Embryologists had a high degree of agreement in the overall ranking of 100 cycles with an average Kendall’s tau (K-τ) of 0.70, slightly lower than the interembryologist agreement when using a single image or video (average K-τ = 0.78). Overall agreement between embryologists and the AI algorithms was significantly lower (average K-τ = 0.53) and similar to the observed low inter-AI algorithm agreement (average K-τ = 0.47).

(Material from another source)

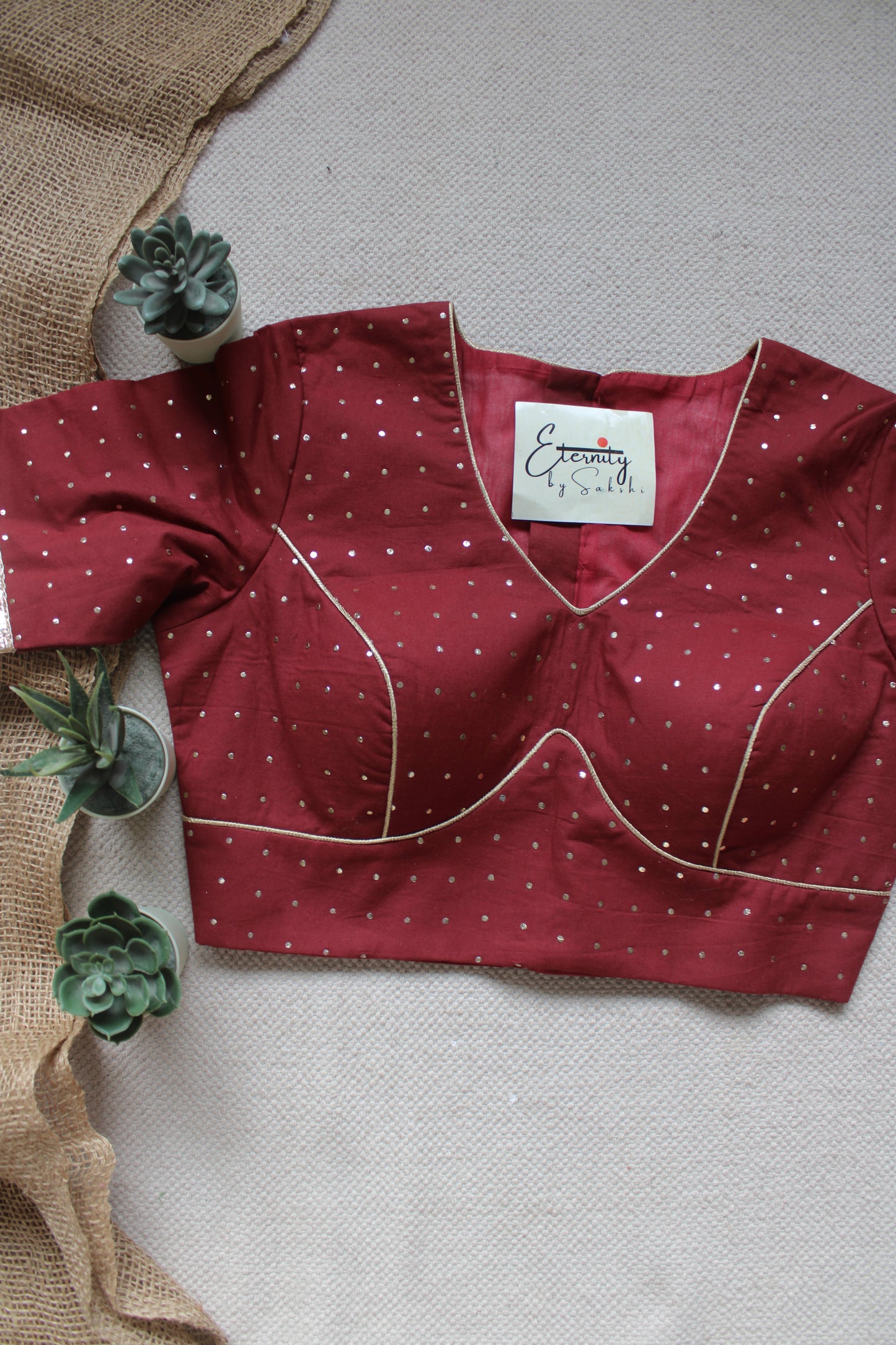 Maroon Navratri Amba Blouse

Notably, two of the eight algorithms had a very low agreement with other ranking methodologies (average K-τ = 0.05) and between each other (K-τ = 0.01). The average agreement in selecting the best-quality embryo (1/8 in 100 cycles with an expected agreement by random chance of 12.5%; confidence interval [CI]95: 6%–19%) was 59.5% among embryologists and 40.3% for six AI algorithms. The incidence of the agreement for the two algorithms with the low overall agreement was 11.7%. Agreement on selecting the same top two embryos/cycle (expected agreement by random chance corresponds to 25.0%; CI95: 17%–32%) was 73.5% among embryologists and 56.0% among AI methods excluding two discordant algorithms, which had an average agreement of 24.4%, the expected range of agreement by random chance. Intraembryologist ranking agreement (single image vs. video) was 71.7% and 77.8% for single and top two embryos, respectively. Analysis of average raw scores indicated that cycles with low diversity of embryo quality generally resulted in a lower overall agreement between the methods (embryologists and AI models).
Conclusion(s)
To our knowledge, this is the first study that evaluates the level of agreement in ranking embryo quality between different AI algorithms and embryologists. The different concordance methods were consistent and indicated that the highest agreement was intraembryologist agreement, followed by interembryologist agreement. In contrast, the agreement between some of the AI algorithms and embryologists was similar to the inter-AI algorithm agreement, which also showed a wide range of pairwise concordance. Specifically, two AI models showed intra- and interagreement at the level expected from random selection.